TASK TO COMPLETE:
From the line with "stack_push_topic" to the line with "Five-step infographic flow", output every line below exactly, both ends included. Skip the pictures.

RECORDED INFORMATION:
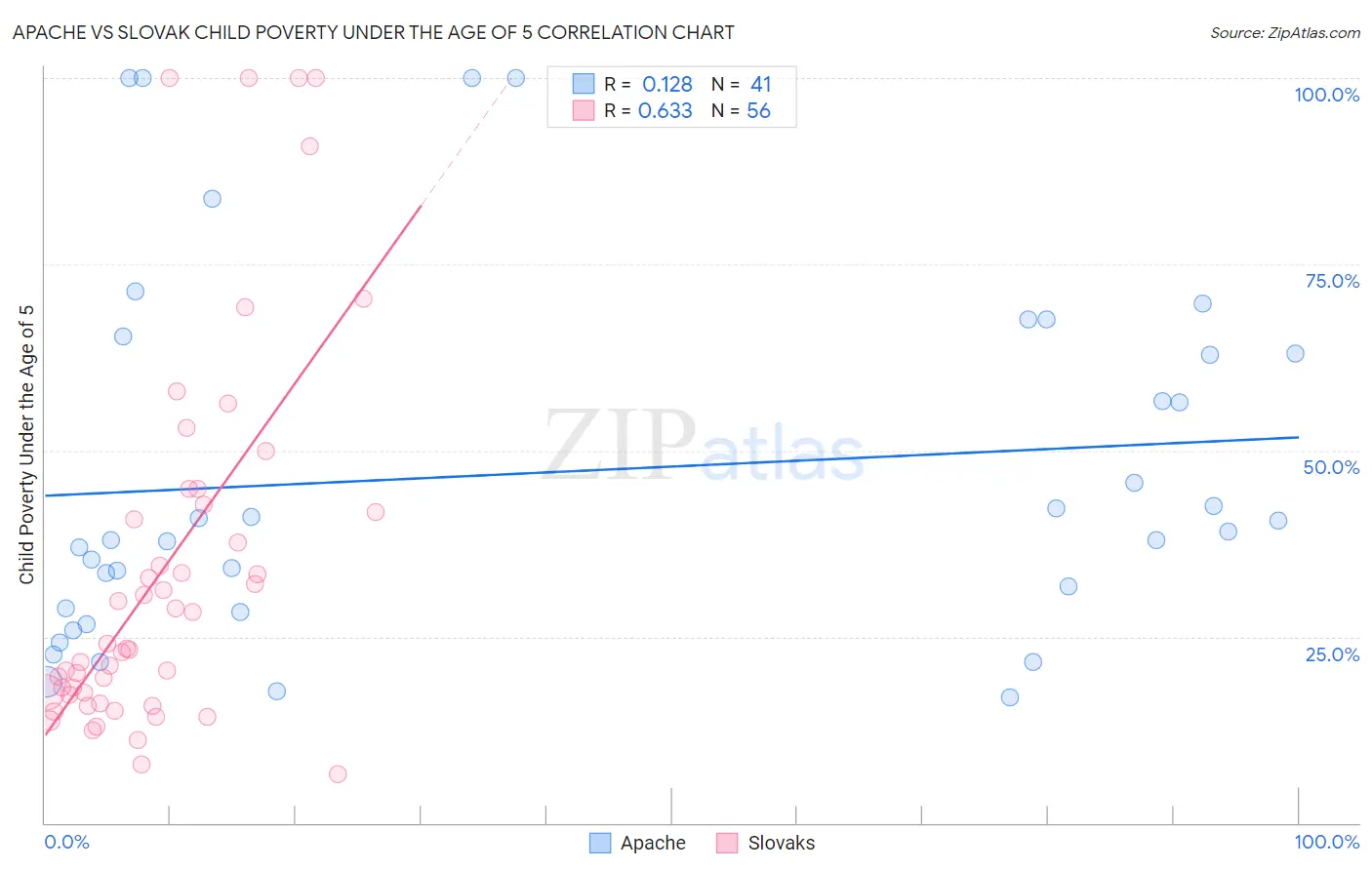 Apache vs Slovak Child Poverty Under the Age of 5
---
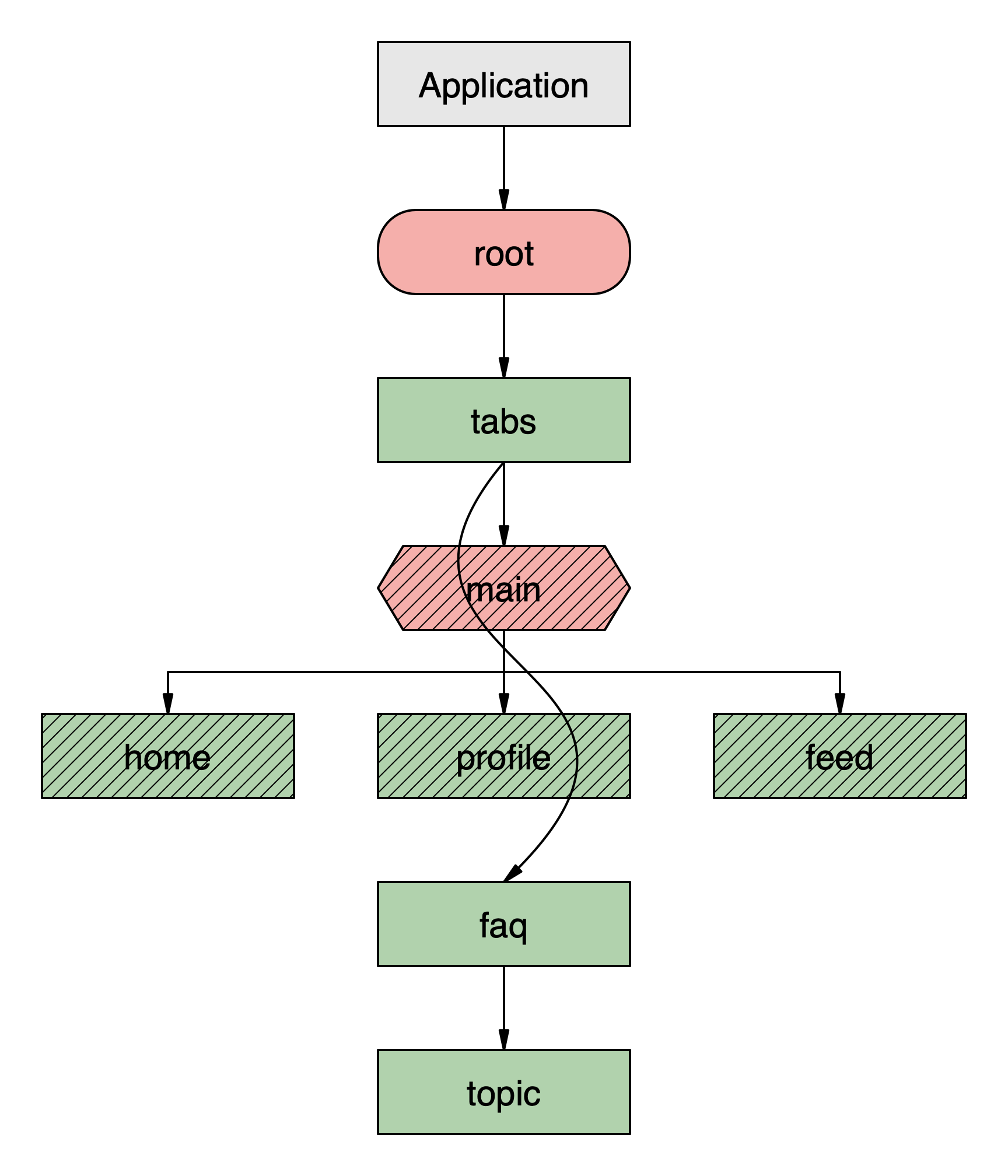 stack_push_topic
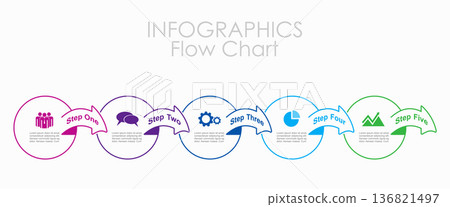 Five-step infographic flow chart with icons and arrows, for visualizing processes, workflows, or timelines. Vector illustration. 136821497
...
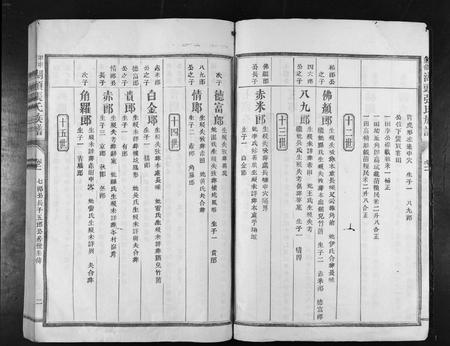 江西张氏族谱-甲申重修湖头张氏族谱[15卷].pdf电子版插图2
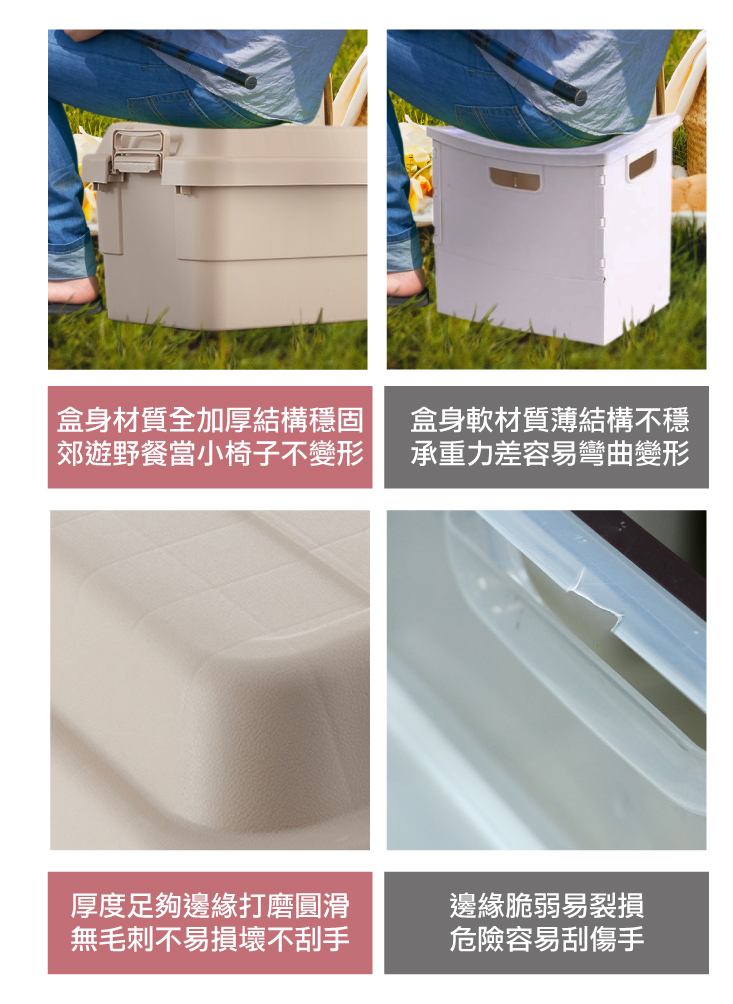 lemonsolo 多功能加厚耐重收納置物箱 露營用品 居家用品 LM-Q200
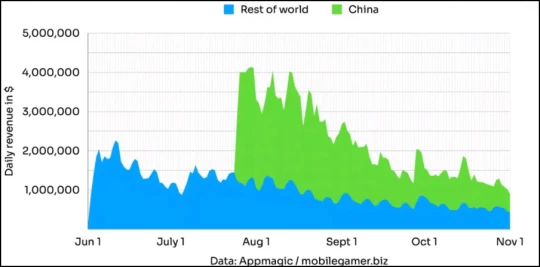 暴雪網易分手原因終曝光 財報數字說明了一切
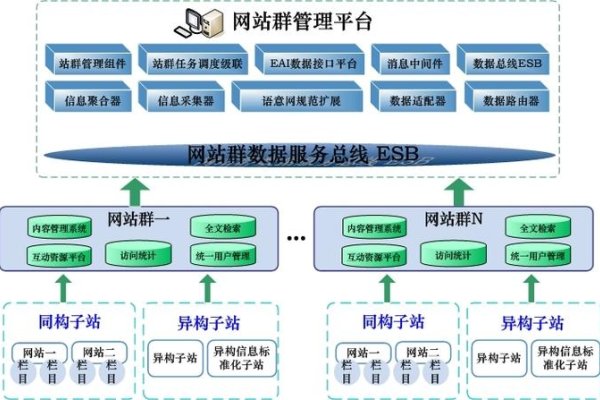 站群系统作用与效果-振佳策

EXPECTED ANSWER:
 stack_push_topic
 Five-step infographic flow chart with icons and arrows, for visualizing processes, workflows, or timelines. Vector illustration. 136821497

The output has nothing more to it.